BLAZE Travel Guides - Kyiv, Ukraine, March 2009
The running route advised by BLAZE Travel Guides' "Running the World - Kyiv, Ukraine" - leads directly through Maydan Nezalezhnosti, or Independence Square. This was the site of the country's 2004 Orange Revolution, in which an estimated 500,000 people came together on the city streets to protest the controversial election victory of Victor Yanukovich, the country's pro-Russia prime minister. The protest, the most recent of Eastern Europe's "Velvet Revolution", led to the installment of opposition leader Viktor Yushchenko in the country's executive role, and the success of the Orange movement was largely viewed as a Ukrainian turn to the West.
Therefore, it was disappointing for many when Sunday's presidential election resulted in Viktor Yanukovich defeating Yulia Timoshenko.
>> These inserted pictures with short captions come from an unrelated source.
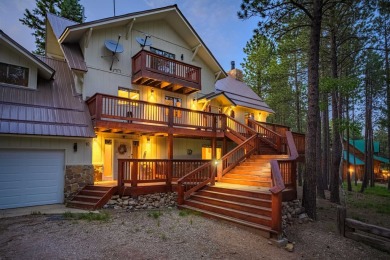 Magic in the Angel Fire Forest ~ This extraordinary Angel Fire on Angel Fire Resort Country Club in New Mexico - for sale on GolfHomes.com, golf home, golf lot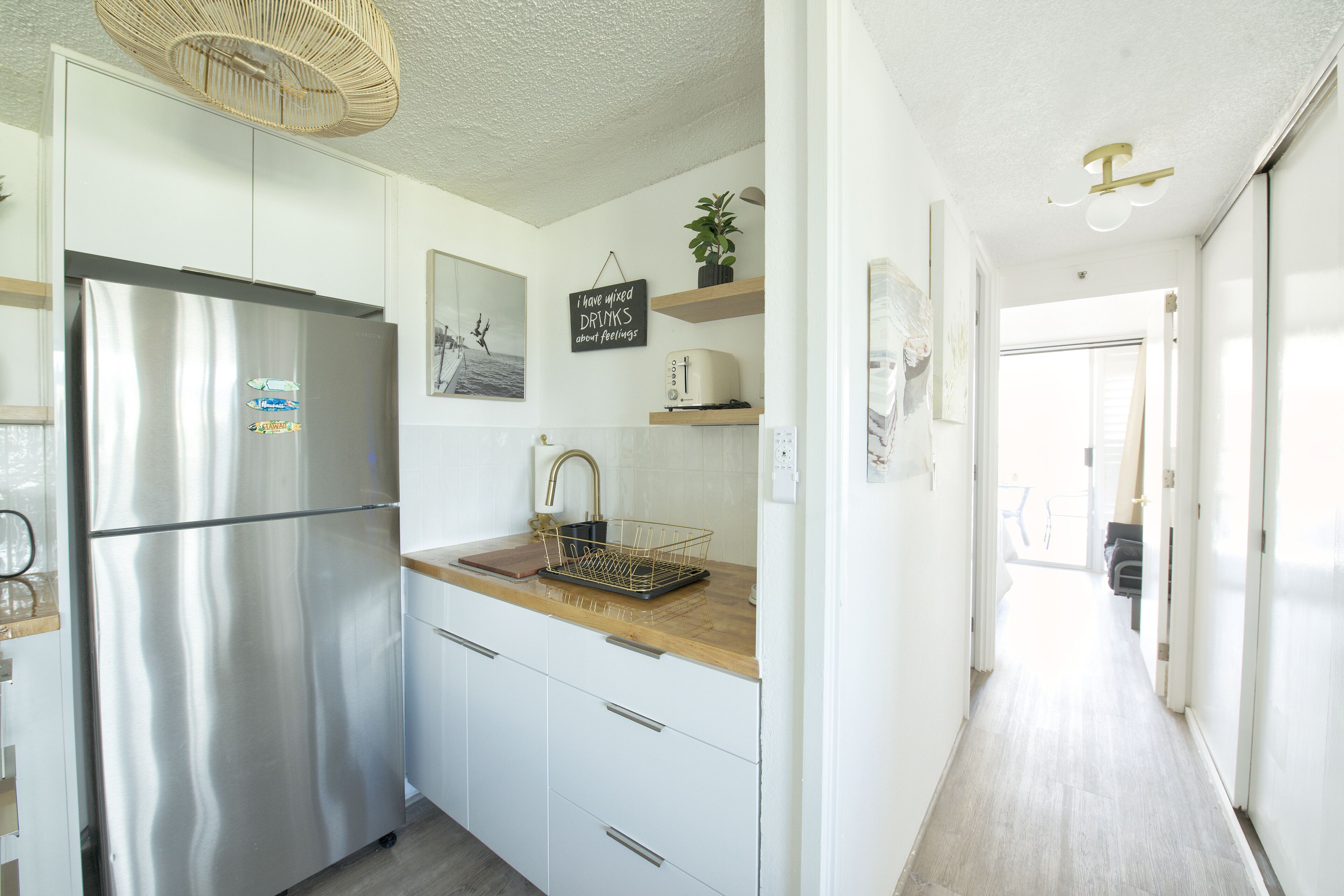 A modern kitchen with a stainless steel refrigerator, wooden countertop, and white cabinetry.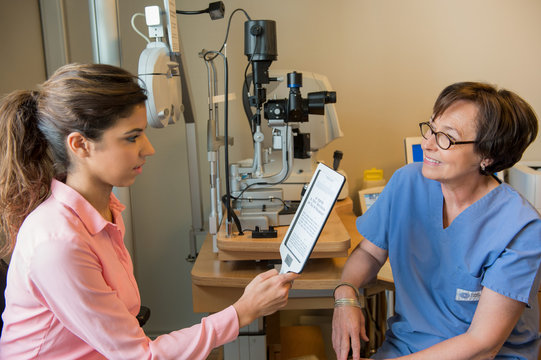 Female patient having eye examination in an optometrist clinic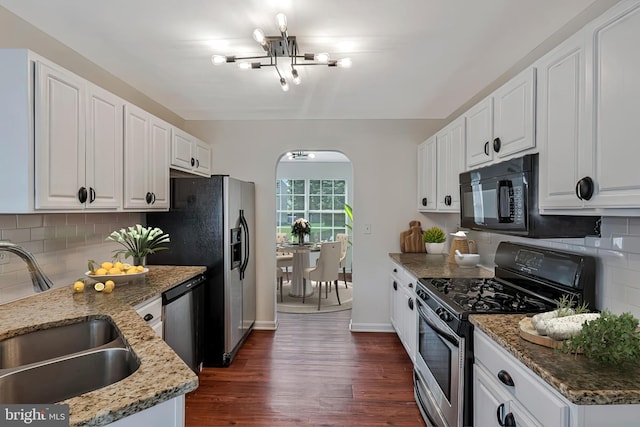 11620 Myrtle Oak Ct, Waldorf, MD 20601 - kitchen with stainless steel appliances, a sink, a chandelier, dark wood-style flooring, and arched walkways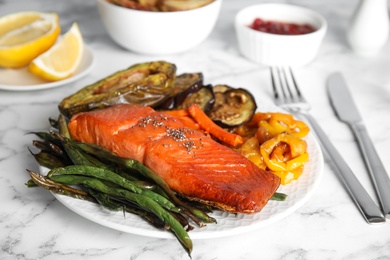 Tasty cooked salmon and vegetables served on white marble table. Healthy meals from air fryer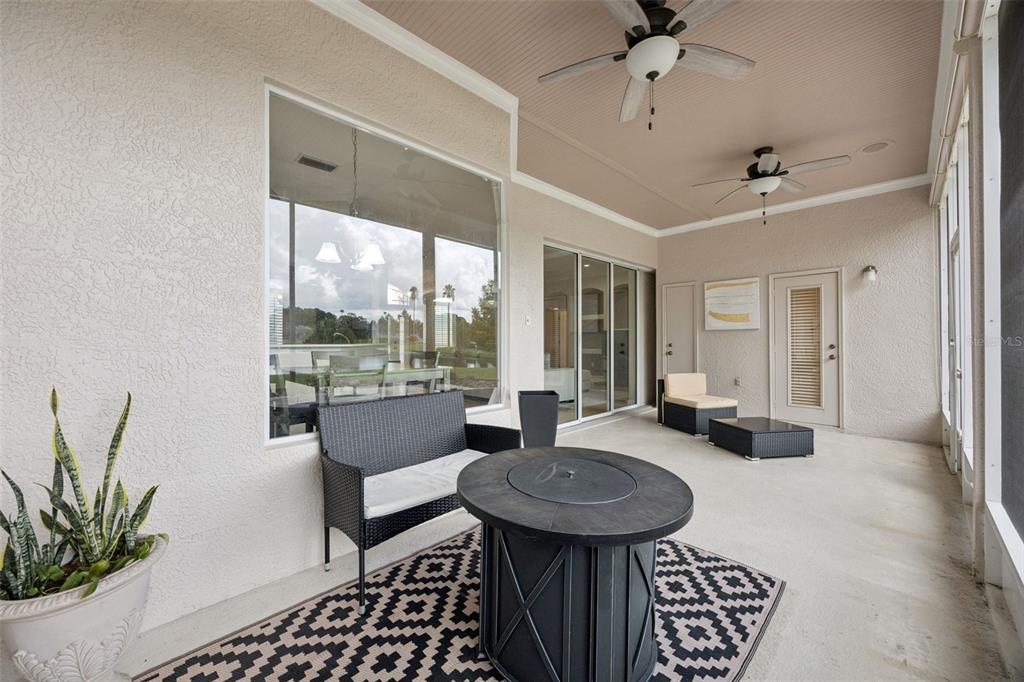 A covered patio features a fire pit, outdoor seating, ceiling fans, and a large window — 316 HAZELTINE DRIVE, DEBARY, FL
The former's victory seems to indicate a defeat for the Orange Revolution, the hopes, and the dreams, which manifested themselves so strongly five years ago.
But many people BLAZE met on the streets of Ukraine would explain that the Orange revolutionaries did not lose the political footrace with Yanukovich and his pro-Kremlin policies. They bonked. That is, once the Orange people were in power, the movement was unable to deliver on its policies of economic refurbishment and social possibility. After a six-year marathon of hard, cold, and bitter disillusionment, it's no surprise that Ukraine hit the wall. Unable to continue on their current course they gave up, threw up, and threw their weight behind the power a very different party, one that sympathizes more with the country's mighty neighbor to the north.
What does this mean for the country's coming years? At this time election results are yet to become official, and the reaction of the largely pro-European Western Ukrainians are yet to be seen. But one thing seems clear: the course time on Ukraine's race to the West is running low, and it seems ready to run out before the country reaches the finish line.